Een franchisegever kan verschillende redenen hebben om de overeenkomsten aan elkaar te koppelen: bijvoorbeeld omdat de locatie van het pand erg belangrijk is en de verhuurder (franchisegever) belang heeft bij het behoud van de betreffende locatie in geval van beëindiging van de franchiseovereenkomst, het gehuurde in eigendom van de franchisegever is, franchisegever niet voor een langere periode kan verhuren dan waarvoor hij zelf de beschikking heeft over de huurrechten of ‘simpelweg’ omdat de franchisegever geen extra rompslomp wenst indien een franchiseovereenkomst eindigt.

Soms wordt in een franchiseovereenkomst volstaan met de opmerking dat partijen vaststellen dat de huurovereenkomst integraal onderdeel is van de franchiseovereenkomst en dat beide overeenkomsten één onlosmakelijk geheel vormen. Soms kiest een franchisegever ervoor om tevens een artikel in de franchiseovereenkomst op te nemen waarin wordt vermeld dat partijen alles in het werk zullen stellen om de onlosmakelijkheid van die overeenkomsten te bewerkstelligen.

De prangende vraag die zich dan aandient is of een dergelijke koppeling zonder meer is toegestaan. Kijkend naar de wettelijke bepalingen van Afdeling 6, Titel 4 van Boek 7 BW leert dat dit, in beginsel, niet is toegestaan; uitgangspunt is dat niet ten nadele van de huurder van de wettelijke bepalingen kan worden afgeweken. Dit wordt pas anders indien ten aanzien van die afwijkende bedingen door de (kanton)rechter goedkeuring is verleend.

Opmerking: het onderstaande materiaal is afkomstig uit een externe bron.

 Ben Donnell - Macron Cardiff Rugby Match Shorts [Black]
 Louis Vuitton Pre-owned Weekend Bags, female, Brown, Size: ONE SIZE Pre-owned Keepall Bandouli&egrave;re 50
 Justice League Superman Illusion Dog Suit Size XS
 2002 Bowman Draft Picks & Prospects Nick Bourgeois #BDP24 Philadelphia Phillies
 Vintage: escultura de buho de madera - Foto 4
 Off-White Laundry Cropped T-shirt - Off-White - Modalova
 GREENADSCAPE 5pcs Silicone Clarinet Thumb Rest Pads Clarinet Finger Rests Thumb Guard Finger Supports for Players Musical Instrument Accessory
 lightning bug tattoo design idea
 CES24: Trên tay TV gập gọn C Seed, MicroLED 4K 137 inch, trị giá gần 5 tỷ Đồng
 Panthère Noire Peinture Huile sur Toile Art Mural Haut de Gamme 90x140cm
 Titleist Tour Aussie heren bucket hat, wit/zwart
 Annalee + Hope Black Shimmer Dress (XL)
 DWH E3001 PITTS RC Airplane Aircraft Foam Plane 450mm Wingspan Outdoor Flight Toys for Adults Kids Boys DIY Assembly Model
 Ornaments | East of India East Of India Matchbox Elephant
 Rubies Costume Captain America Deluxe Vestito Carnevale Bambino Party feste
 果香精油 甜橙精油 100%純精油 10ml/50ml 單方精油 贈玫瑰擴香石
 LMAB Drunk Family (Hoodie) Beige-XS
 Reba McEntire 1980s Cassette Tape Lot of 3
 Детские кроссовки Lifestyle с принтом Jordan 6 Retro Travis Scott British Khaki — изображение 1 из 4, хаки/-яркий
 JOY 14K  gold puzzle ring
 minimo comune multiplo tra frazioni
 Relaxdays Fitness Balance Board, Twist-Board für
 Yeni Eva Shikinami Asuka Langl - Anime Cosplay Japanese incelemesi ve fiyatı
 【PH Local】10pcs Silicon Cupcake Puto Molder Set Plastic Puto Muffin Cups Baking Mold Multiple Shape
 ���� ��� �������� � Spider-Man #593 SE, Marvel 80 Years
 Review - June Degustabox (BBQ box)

Een dergelijke rechterlijke goedkeuring kan dus slechts worden verzocht ten aanzien van bedingen waarin ten nadele van de huurder wordt afgeweken van de bepalingen van afdeling 6, aldus artikel 7:291 lid 2 BW. Afwijken ten nadele van de verhuurder is ‘gewoonweg’ toegestaan.

Het is gebruikelijk om een dergelijk verzoek gezamenlijk in te dienen. Kijkend naar de tekst van artikel 7:291 volgt geen termijn waarbinnen een dergelijk verzoek dient te worden gedaan. Dit heeft dus tot gevolg dat een verzoek ook kan worden ingediend nadat de huurovereenkomst is aangevangen.

Na indiening van het verzoek volgt de rechterlijke toets: de goedkeuring wordt alleen gegeven indien (i) het beding de rechten die de huurder aan de afdeling ontleent, niet wezenlijk worden aangetast of (ii) diens maatschappelijke positie in vergelijking met die van de verhuurder zodanig is dat hij de bescherming van de onderhavige afdeling in redelijkheid niet behoeft.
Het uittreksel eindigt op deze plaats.